• Hacker News
  • new|
  • comments|
  • show|
  • ask|
  • jobs|
  • 01HNNWZ0MV43FF 28 minutes

    This is good data, but I'm not sure what the actionable is for me as a Grug Programmer.

    It means if I'm doing very light processing (sums) I should try to move that to structure-of-arrays to take advantage of cache? But if I'm doing something very expensive, I can leave it as array-of-structures, since the computation will dominate the memory access in Amdahl's Law analysis?

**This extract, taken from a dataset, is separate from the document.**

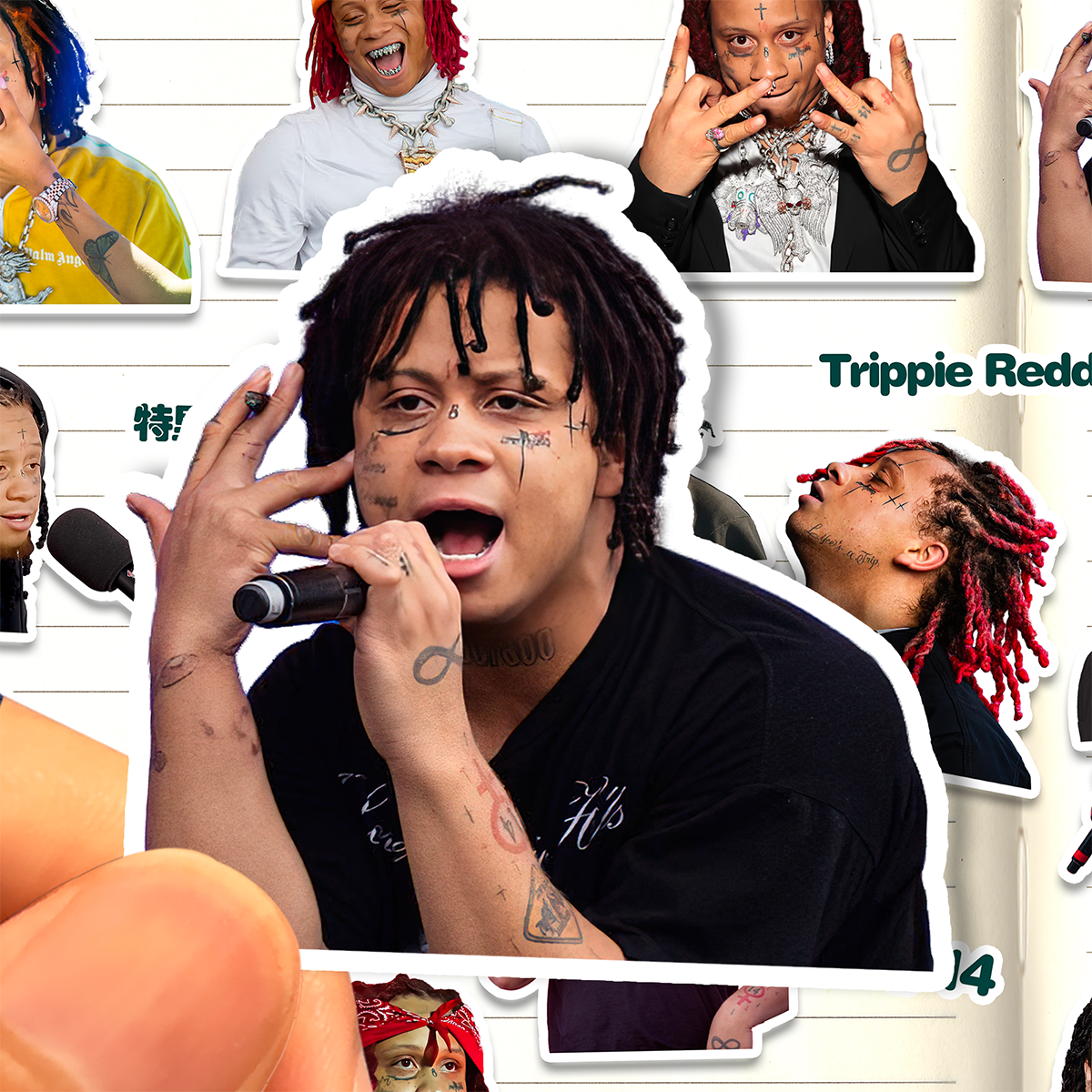 特里皮雷德贴纸高清防水rapper饶舌说唱歌手Trippie Redd小14贴画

    This data should tell me something about organizing my data and accessing it, right?

  • aapoalas 3 minutes

    Would kernel huge pages possibly have an effect here also?

  • smj-edison 17 seconds

    Side note, but this product looks really cool! I have a fundamental mistrust of all boolean operations, so to see a system that actually works with degenerate cases correctly is refreshing.

  • PhilipTrettner 3 days

    I looked into this because part of our pipeline is forced to be chunked. Most advice I've seen boils down to "more contiguity = better", but without numbers, or at least not generalizable ones.

    My concrete tasks will already reach peak performance before 128 kB and I couldn't find pure processing workloads that benefit significantly beyond 1 MB chunk size. Code is linked in the post, it would be nice to see results on more systems.

    twoodfin 5 hours

    Your results match similar analyses of database systems I’ve seen.

    64KB-128KB seems like the sweet spot.

  • _zoltan_ 2 hours

    is this an attempt at nerd sniping? ;-)

    on GPU databases sometimes we go up to the GB range per "item of work" (input permitting) as it's very efficient.

    I need to add it to my TODO list to have a look at your github code...

    PhilipTrettner 2 hours

    It definitely worked on myself :)

    Do have a look, I've tried to roughly keep it small and readable. It's ~250 LOC effectively.

    Also, this is CPU only. I'm not super sure what a good GPU version of my benchmark would be, though ... Maybe measuring a "map" more than a "reduction" like I do on the CPU? We should probably take a look at common chunking patterns there.